In CASP11, we used PRESCO and the helix-helix interaction potential for selecting decoys from server models that were made available for human predictors. Selected models were refined by side-chain modeling and structure relaxation with a short molecular dynamics (MD) simulation. The whole procedure turned out to be successful. Our group was ranked first among all the participants in the free modeling (FM) category when the top 1 models were considered (http://www.predictioncenter.org/casp11/zscores_final.cgi?formula=assessors). Using the assessors’ formula for model evaluation, which considers six scores, GDT-TS²⁵, IDDT²⁶, TenS²⁷, QCS²⁸, contS²⁹, and Molprobity³⁰, our group (Kiharalab, group code 333) obtained the Sum Z-score of 44.2048, which has a relatively large gap of 7.5064 to the second group with 36.6984. When the models with the best scores among five submitted models were considered, our group was ranked second.
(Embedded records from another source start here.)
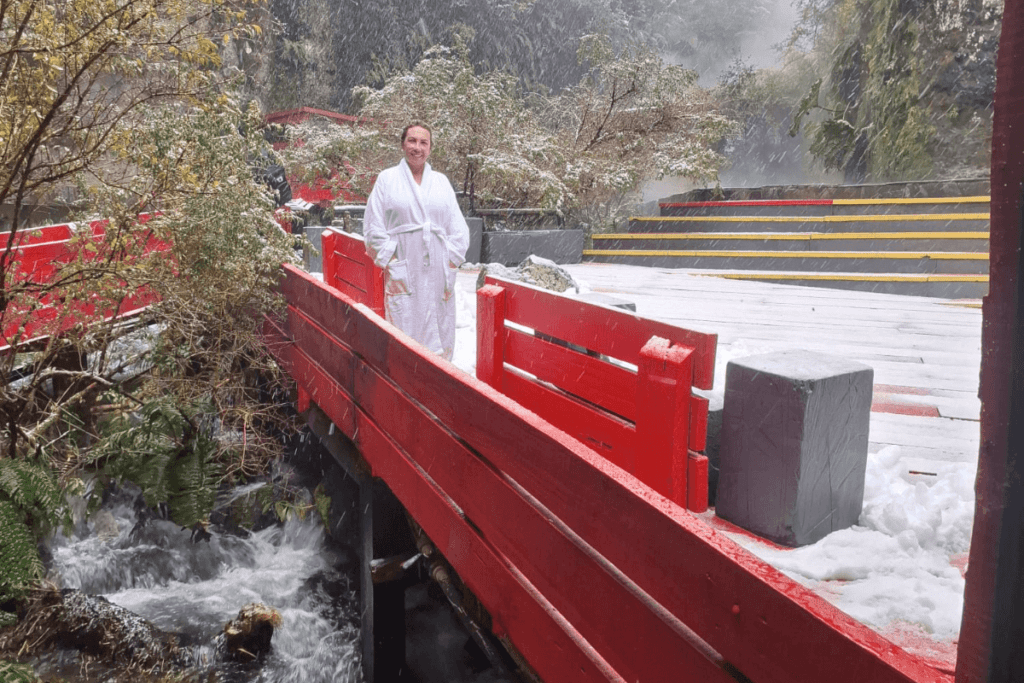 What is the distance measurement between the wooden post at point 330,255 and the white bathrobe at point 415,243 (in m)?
2.35

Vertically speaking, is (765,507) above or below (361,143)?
below


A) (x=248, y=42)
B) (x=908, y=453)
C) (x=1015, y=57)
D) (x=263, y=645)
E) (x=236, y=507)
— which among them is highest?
(x=248, y=42)

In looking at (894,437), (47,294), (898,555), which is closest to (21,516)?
(47,294)

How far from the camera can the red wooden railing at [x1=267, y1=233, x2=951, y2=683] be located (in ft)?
4.17

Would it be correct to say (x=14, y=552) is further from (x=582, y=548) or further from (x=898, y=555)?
(x=898, y=555)

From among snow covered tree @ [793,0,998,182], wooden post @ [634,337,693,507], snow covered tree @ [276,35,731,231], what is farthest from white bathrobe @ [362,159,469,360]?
snow covered tree @ [793,0,998,182]

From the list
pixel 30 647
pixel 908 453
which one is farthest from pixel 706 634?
pixel 30 647

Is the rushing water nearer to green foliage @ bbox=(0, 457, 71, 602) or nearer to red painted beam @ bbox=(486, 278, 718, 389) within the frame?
green foliage @ bbox=(0, 457, 71, 602)

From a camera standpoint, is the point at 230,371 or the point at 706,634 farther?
the point at 230,371

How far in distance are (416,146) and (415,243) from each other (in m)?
0.65

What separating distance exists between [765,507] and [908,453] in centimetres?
132

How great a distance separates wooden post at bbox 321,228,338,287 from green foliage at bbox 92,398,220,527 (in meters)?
2.52

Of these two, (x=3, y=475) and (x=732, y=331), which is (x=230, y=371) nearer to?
(x=3, y=475)

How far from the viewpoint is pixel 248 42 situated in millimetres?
21078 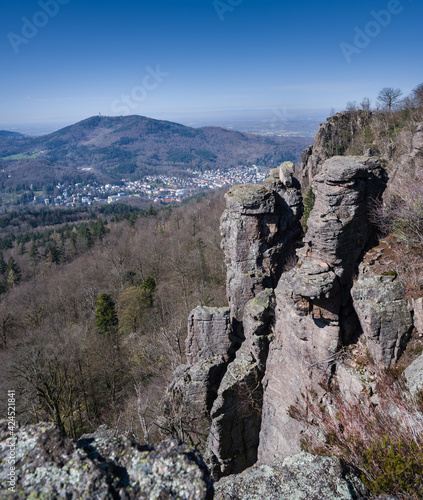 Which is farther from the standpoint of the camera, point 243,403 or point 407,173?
point 407,173

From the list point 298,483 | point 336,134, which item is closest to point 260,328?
point 298,483

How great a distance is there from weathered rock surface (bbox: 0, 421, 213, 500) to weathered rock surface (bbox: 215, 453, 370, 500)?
141 cm

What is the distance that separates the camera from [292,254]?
716 inches

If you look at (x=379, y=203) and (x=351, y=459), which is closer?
(x=351, y=459)

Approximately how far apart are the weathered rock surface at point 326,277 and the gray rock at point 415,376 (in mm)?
2290

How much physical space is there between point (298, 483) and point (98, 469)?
2837 mm

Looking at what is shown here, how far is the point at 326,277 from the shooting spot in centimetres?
995

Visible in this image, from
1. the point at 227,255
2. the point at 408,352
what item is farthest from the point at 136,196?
the point at 408,352

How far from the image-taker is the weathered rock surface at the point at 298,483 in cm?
420

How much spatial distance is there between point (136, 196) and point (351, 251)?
173 m

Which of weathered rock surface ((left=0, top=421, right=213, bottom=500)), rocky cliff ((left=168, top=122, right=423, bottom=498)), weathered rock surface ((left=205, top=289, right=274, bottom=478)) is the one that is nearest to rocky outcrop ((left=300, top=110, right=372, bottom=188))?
weathered rock surface ((left=205, top=289, right=274, bottom=478))

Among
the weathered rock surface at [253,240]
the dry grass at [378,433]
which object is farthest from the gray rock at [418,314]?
the weathered rock surface at [253,240]

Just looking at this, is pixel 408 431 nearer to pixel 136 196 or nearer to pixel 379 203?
pixel 379 203

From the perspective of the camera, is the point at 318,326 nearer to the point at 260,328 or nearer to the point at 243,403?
the point at 260,328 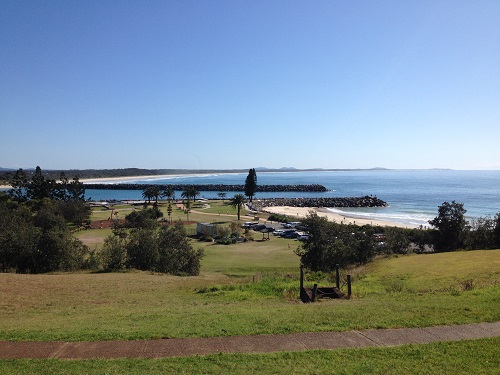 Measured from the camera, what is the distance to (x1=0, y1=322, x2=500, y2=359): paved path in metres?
9.87

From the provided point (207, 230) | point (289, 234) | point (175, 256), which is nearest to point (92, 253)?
point (175, 256)

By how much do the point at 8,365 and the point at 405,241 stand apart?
43.9 metres

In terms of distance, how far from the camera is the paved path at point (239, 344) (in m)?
9.87

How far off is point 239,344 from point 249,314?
326cm

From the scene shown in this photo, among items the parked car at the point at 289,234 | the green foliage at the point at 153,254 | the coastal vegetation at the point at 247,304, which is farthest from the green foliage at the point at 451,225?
the green foliage at the point at 153,254

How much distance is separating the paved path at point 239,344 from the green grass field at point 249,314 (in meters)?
0.42

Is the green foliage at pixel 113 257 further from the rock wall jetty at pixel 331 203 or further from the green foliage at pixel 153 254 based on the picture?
the rock wall jetty at pixel 331 203

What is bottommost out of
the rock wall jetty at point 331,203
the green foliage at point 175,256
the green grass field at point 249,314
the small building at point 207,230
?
the rock wall jetty at point 331,203

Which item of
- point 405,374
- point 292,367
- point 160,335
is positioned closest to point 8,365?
point 160,335

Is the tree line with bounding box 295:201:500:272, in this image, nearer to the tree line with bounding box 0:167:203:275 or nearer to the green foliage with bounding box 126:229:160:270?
the tree line with bounding box 0:167:203:275

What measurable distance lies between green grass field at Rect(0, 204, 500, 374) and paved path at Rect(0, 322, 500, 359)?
420 millimetres

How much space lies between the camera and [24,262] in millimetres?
32719

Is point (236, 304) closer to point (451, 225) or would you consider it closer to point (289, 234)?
point (451, 225)

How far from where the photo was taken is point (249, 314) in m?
13.6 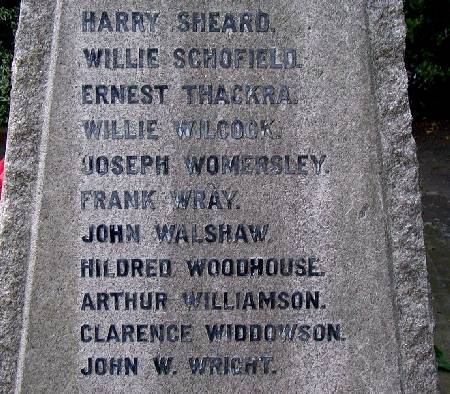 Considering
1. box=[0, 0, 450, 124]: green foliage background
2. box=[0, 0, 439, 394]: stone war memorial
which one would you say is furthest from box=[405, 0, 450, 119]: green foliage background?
box=[0, 0, 439, 394]: stone war memorial

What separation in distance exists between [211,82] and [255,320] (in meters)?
0.89

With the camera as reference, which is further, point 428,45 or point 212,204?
point 428,45

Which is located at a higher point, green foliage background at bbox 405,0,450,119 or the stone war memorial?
green foliage background at bbox 405,0,450,119

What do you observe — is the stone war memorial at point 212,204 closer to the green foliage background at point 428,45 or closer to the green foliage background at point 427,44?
the green foliage background at point 427,44

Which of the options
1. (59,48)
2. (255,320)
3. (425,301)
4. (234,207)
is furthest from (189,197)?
(425,301)

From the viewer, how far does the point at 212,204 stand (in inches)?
105

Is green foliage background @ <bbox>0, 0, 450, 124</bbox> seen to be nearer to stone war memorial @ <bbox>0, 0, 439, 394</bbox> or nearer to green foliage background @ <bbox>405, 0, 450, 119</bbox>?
green foliage background @ <bbox>405, 0, 450, 119</bbox>

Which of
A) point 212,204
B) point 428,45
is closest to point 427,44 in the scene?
point 428,45

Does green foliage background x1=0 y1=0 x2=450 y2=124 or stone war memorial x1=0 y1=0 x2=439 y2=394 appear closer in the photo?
stone war memorial x1=0 y1=0 x2=439 y2=394

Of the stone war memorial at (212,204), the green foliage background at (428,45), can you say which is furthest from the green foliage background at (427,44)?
the stone war memorial at (212,204)

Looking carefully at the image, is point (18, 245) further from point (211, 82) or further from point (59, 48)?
point (211, 82)

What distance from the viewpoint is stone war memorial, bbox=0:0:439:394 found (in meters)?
2.57

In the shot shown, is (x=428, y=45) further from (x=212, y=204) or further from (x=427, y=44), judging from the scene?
(x=212, y=204)

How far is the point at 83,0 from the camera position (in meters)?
2.54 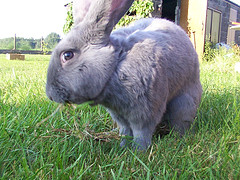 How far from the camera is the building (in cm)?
816

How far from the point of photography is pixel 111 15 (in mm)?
1605

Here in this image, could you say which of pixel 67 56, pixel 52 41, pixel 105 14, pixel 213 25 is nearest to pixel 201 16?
pixel 213 25

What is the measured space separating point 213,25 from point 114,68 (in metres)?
11.2

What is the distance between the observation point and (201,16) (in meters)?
8.20

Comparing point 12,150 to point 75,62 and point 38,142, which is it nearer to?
point 38,142

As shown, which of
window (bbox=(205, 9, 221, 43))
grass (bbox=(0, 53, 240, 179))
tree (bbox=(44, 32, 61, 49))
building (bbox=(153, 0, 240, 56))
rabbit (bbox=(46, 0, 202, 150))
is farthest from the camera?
window (bbox=(205, 9, 221, 43))

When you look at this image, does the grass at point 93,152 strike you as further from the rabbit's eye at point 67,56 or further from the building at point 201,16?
the building at point 201,16

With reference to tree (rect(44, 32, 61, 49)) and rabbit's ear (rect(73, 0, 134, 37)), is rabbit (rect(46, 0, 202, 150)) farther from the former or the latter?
tree (rect(44, 32, 61, 49))

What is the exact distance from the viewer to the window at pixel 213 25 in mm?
11062

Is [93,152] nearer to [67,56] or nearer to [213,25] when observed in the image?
[67,56]

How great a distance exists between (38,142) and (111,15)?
0.93 meters

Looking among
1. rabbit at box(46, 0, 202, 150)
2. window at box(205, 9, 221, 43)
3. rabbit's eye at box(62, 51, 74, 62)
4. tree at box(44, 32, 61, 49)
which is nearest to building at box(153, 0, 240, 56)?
window at box(205, 9, 221, 43)

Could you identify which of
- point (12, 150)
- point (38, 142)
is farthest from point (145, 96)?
point (12, 150)

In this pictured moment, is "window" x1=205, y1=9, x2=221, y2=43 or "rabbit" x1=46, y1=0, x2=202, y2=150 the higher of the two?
"window" x1=205, y1=9, x2=221, y2=43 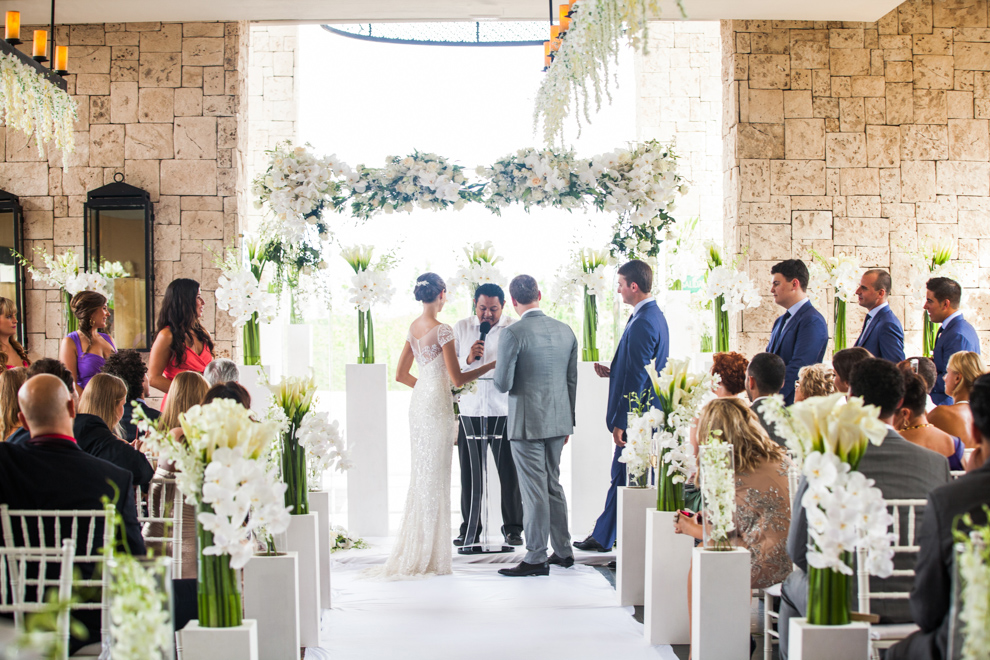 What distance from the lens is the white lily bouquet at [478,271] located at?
19.0 feet

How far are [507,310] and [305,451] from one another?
5.76 metres

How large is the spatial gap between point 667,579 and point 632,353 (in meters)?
1.60

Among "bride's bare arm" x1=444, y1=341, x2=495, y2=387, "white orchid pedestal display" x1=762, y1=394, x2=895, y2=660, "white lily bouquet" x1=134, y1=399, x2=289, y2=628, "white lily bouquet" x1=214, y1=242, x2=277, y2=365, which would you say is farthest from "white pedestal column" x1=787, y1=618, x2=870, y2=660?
"white lily bouquet" x1=214, y1=242, x2=277, y2=365

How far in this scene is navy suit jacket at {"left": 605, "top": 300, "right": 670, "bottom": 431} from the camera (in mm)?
4840

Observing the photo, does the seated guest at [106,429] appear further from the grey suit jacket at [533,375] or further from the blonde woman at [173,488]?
the grey suit jacket at [533,375]

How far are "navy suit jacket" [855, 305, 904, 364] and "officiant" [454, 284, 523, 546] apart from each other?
2557mm

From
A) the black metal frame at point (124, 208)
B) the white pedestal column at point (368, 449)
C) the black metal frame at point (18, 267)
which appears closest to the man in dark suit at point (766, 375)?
the white pedestal column at point (368, 449)

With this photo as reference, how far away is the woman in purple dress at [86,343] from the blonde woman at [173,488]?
2.06 metres

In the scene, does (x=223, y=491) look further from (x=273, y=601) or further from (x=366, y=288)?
(x=366, y=288)

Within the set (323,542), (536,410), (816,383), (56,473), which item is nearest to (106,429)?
(56,473)

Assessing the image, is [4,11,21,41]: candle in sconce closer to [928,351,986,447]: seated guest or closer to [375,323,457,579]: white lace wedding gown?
[375,323,457,579]: white lace wedding gown

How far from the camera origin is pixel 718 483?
271cm

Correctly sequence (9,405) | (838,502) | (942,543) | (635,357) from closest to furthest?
(942,543), (838,502), (9,405), (635,357)

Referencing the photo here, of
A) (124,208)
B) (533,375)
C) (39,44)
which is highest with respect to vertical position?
(39,44) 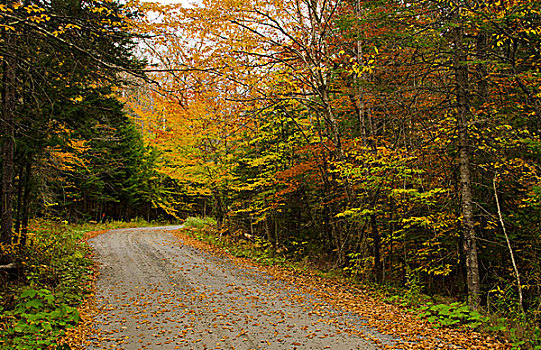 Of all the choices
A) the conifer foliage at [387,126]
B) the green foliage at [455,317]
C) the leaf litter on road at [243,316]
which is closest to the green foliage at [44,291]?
the leaf litter on road at [243,316]

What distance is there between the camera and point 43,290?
533cm

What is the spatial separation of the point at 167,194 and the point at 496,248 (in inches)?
1035

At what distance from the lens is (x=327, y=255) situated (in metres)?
12.5

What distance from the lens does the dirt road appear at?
5.25 m

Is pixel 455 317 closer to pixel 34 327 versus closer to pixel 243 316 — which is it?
pixel 243 316

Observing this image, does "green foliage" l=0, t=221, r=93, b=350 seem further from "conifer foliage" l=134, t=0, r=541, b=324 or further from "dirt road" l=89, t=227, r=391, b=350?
"conifer foliage" l=134, t=0, r=541, b=324

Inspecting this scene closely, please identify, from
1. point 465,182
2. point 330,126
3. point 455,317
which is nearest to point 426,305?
point 455,317

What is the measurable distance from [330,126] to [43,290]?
8.23 metres

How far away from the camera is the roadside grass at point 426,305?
207 inches

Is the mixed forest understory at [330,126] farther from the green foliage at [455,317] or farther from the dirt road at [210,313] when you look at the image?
the dirt road at [210,313]

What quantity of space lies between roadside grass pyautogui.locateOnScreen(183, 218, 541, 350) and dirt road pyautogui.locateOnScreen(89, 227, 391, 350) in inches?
58.3

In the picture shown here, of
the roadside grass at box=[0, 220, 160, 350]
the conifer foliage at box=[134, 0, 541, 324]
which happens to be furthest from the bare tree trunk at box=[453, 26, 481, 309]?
the roadside grass at box=[0, 220, 160, 350]

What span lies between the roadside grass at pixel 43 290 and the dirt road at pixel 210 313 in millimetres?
560

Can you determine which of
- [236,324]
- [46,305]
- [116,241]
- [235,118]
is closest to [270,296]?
[236,324] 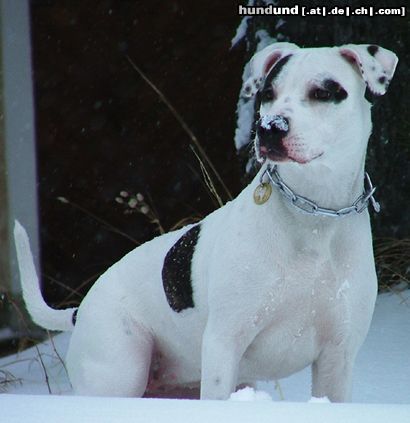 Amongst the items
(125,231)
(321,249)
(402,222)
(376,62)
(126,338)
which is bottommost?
Answer: (125,231)

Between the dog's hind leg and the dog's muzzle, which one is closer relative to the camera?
the dog's muzzle

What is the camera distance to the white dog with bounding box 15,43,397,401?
259 cm

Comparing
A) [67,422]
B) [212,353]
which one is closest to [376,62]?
[212,353]

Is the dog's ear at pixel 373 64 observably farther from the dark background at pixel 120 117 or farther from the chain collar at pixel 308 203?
the dark background at pixel 120 117

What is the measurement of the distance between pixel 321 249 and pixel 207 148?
12.9 ft

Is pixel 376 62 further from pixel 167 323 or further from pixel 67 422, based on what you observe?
pixel 67 422

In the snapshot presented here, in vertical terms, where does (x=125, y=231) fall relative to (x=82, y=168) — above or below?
below

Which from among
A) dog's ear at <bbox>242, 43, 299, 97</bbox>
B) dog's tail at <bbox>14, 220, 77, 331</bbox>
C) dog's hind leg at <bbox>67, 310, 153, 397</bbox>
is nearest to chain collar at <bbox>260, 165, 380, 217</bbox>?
dog's ear at <bbox>242, 43, 299, 97</bbox>

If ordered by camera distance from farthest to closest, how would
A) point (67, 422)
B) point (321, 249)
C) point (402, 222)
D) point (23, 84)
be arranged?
1. point (23, 84)
2. point (402, 222)
3. point (321, 249)
4. point (67, 422)

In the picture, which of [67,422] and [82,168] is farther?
[82,168]

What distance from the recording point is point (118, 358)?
310 cm

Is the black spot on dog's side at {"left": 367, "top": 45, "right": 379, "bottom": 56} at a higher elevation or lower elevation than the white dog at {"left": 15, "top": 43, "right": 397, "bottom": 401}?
higher

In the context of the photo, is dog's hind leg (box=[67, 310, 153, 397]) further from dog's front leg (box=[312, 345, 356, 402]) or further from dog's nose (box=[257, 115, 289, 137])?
dog's nose (box=[257, 115, 289, 137])

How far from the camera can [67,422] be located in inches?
66.5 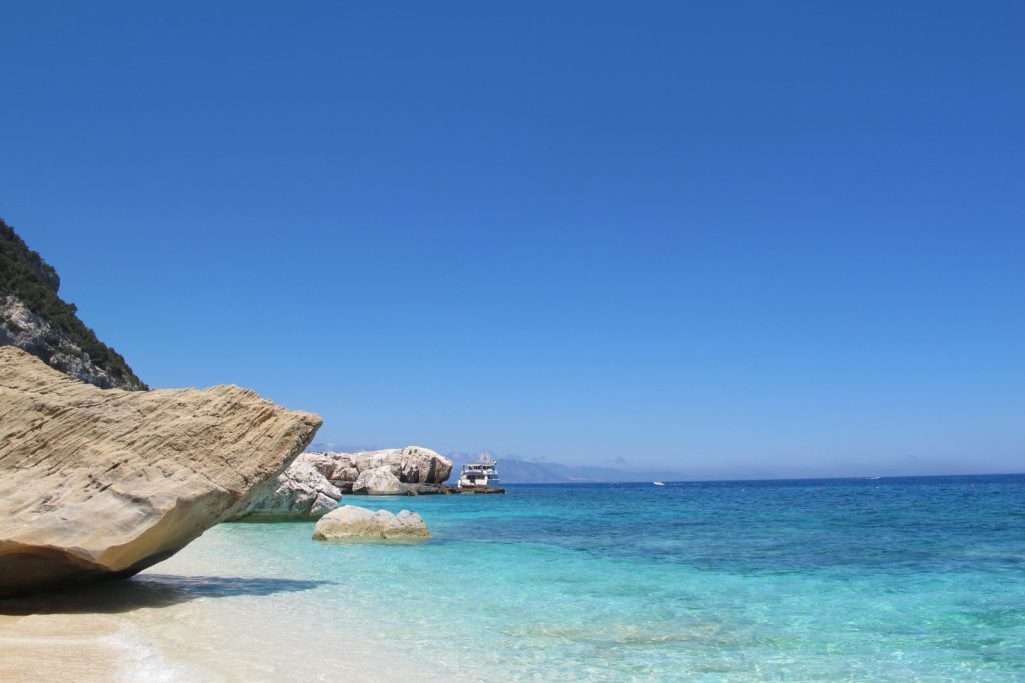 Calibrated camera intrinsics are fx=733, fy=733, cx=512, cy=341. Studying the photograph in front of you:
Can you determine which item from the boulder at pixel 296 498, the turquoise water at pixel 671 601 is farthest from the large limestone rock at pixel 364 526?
the boulder at pixel 296 498

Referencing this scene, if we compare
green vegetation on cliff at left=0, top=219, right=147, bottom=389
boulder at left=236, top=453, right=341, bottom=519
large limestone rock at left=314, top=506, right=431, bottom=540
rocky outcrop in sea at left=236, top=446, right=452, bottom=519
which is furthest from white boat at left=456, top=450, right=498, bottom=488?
large limestone rock at left=314, top=506, right=431, bottom=540

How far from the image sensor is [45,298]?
52375 mm

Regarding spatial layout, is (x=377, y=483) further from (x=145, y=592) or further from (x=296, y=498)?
(x=145, y=592)

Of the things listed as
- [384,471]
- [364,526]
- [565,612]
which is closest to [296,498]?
[364,526]

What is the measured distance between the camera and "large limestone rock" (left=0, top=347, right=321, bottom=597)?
9.33 m

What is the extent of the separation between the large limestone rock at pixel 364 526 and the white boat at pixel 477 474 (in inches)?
2377

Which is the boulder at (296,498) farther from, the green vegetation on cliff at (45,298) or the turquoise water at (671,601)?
the green vegetation on cliff at (45,298)

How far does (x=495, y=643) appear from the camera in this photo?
29.9 ft

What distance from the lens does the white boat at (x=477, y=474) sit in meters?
84.9

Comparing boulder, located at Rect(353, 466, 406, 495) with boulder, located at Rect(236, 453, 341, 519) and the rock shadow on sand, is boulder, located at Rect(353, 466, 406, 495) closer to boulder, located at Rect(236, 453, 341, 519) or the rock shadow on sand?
boulder, located at Rect(236, 453, 341, 519)

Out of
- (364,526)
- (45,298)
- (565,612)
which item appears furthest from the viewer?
(45,298)

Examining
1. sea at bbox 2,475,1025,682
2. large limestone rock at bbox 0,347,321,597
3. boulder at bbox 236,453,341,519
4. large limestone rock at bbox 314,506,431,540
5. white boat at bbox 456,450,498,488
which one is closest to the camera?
sea at bbox 2,475,1025,682

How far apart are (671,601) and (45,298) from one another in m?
54.3

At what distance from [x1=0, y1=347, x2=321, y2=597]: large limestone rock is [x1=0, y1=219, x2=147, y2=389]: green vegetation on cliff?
130ft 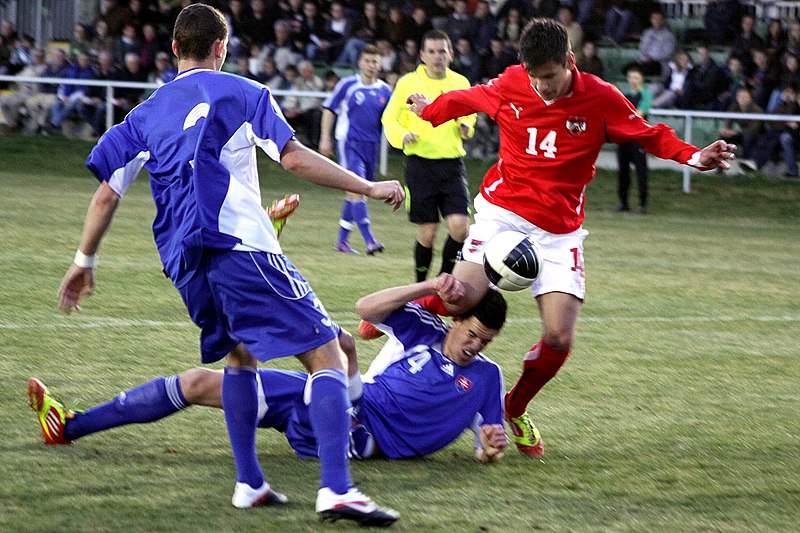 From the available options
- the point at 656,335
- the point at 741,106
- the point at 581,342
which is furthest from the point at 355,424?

In this case, the Sum Z-score gap to the first group was 5.452. Now that the native structures of targets and group rankings have been released, we perform a retrospective examination of each step of our prediction procedure to discuss its successes as well as potential areas for improvement.

Materials and Methods

Overall structure prediction procedure

Our structure prediction procedure is summarized in Figure 1. PRESCO played the main role in selecting initial models from server models that were made available to human predictors. Three models were selected with PRESCO and the other two were selected by our recently developed helix-helix interaction potential that is implemented in CABS. Side-chains of selected models were removed and rebuilt with Oscar-Star³¹. Finally, models underwent structure relaxation with a short MD simulation. The five models were ranked by PRESCO again and submitted. Below, each step is explained in more detail.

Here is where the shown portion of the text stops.